A misdemeanor on your record can negatively affect your life in many ways, including jail time and penalties. A criminal record can also make it harder to find a job or go to college.

Don’t worry—we’re here to help get you back on your feet.

At Okoye Law, we believe in second chances and bettering our clients’ lives. Our criminal defense law firm understands that sometimes people make mistakes, and those mistakes shouldn’t shape the rest of your life.

Don’t ignore your charge if you’ve been charged with a misdemeanor. Contact one of the Rock Hill misdemeanor defense attorneys at Okoye Law to get started on your case.

Consequences of Misdemeanors in Rock Hill, SC

Some people think that misdemeanors aren’t anything to worry about.

So what if you’re charged with a misdemeanor?

In Rock Hill, South Carolina, a misdemeanor conviction results in jail time. There are three classifications of misdemeanors in South Carolina: A, B, and C. The severity of your crime determines the classification of your charge. Class A misdemeanors are the most severe, while Class C is the least serious.

Here are the penalties for misdemeanors in South Carolina:

  • Class A misdemeanors — Up to 3 years in jail
  • Class B misdemeanors — Up to 2 years in jail
  • Class C misdemeanors — Up to 1 year in jail

Some other consequences include hefty fines and doing community service. If your crime is related to drugs or alcohol, your driver’s license could be suspended. Counseling sessions or educational classes are other possible punishments.

There are many misdemeanor crimes in South Carolina, such as:

  • Certain drug possession crimes
  • Certain cases of harassment
  • Retail theft
  • Tax fraud
  • Voting fraud
  • Failure to report abuse or neglect of a minor

Suppose you’ve been charged with a misdemeanor. In that case, your best option is to work with experienced Rock Hill criminal defense attorneys.

Aggravating and Mitigating Factors for Misdemeanors

When you work with a misdemeanor defense attorney, they will talk to you about aggravating and mitigating factors.

But what are they?

Aggravating factors are reasons regarding your case for a judge to consider increasing your sentence.

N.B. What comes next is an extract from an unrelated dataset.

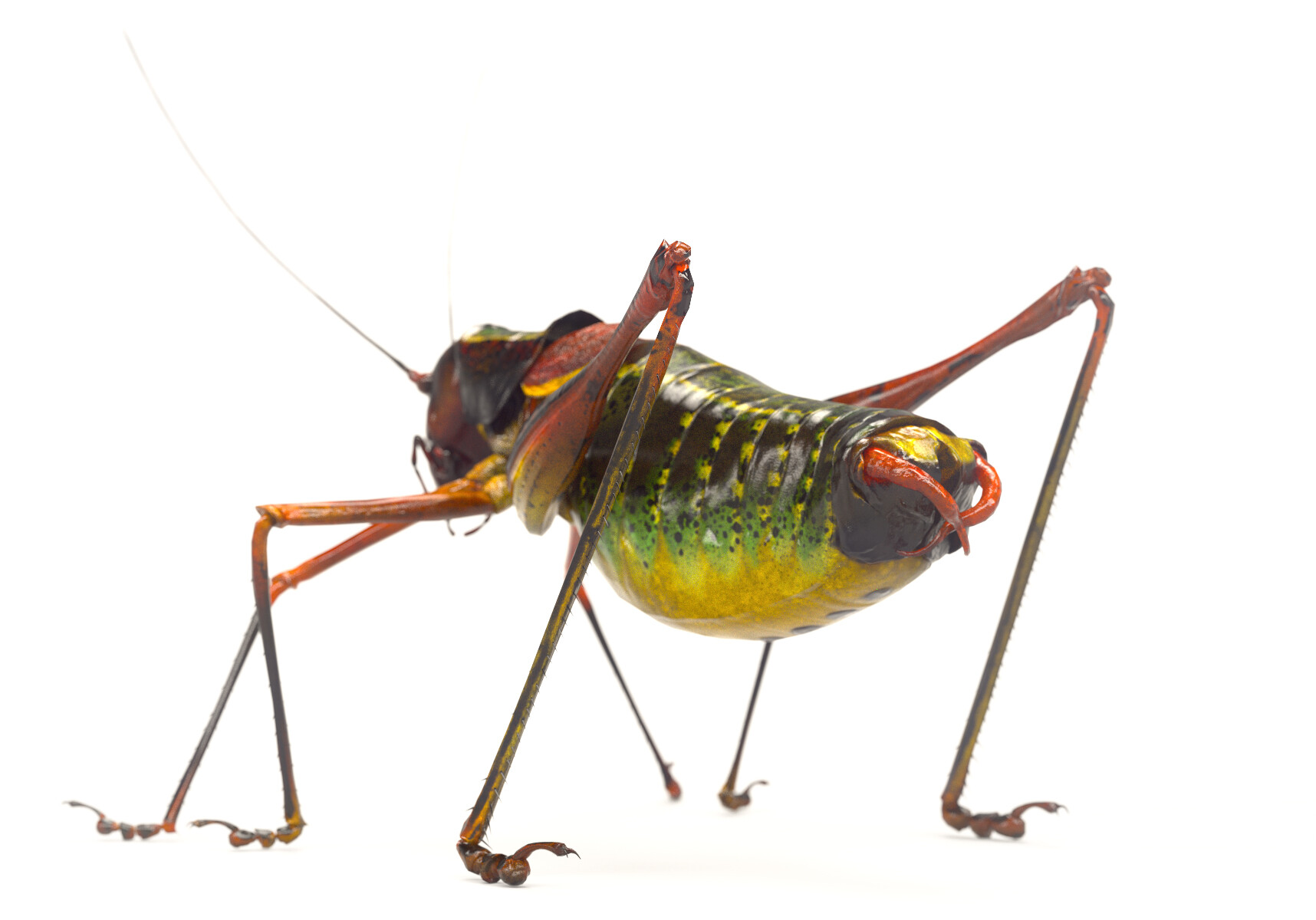 eric-keller-b-vicentinus-render-03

Examples of aggravating factors include:

  • Having a previous criminal record
  • Harming a minor or vulnerable person
  • Using a dangerous weapon to commit a crime
  • Committing a hate crime

Meanwhile, mitigating factors are reasons regarding your case or character for a judge to decrease your sentence.

Some mitigating factors include:

  • Having a clean criminal record
  • Showing remorse for your actions
  • Acting out of necessity
  • Lack of judgment due to your age

When building your defense strategy, your misdemeanor defense attorney will consider your aggravating and mitigating factors.

Contact a Rock Hill Misdemeanor Defense Attorney Today

You need legal representation if you made a mistake, were wrongfully accused, or committed a misdemeanor. At Okoye Law, we want to protect our clients’ rights and give them another chance at life. With a misdemeanor conviction, your record will be tarnished, and you’ll have to face the consequences.

We will do everything possible to get your case dropped or your criminal charges reduced. The criminal defense lawyers at Okoye Law are on your side.

Charged with a misdemeanor in Rock Hill, SC? Need a solid legal defense? Contact Okoye Law now to schedule a consultation.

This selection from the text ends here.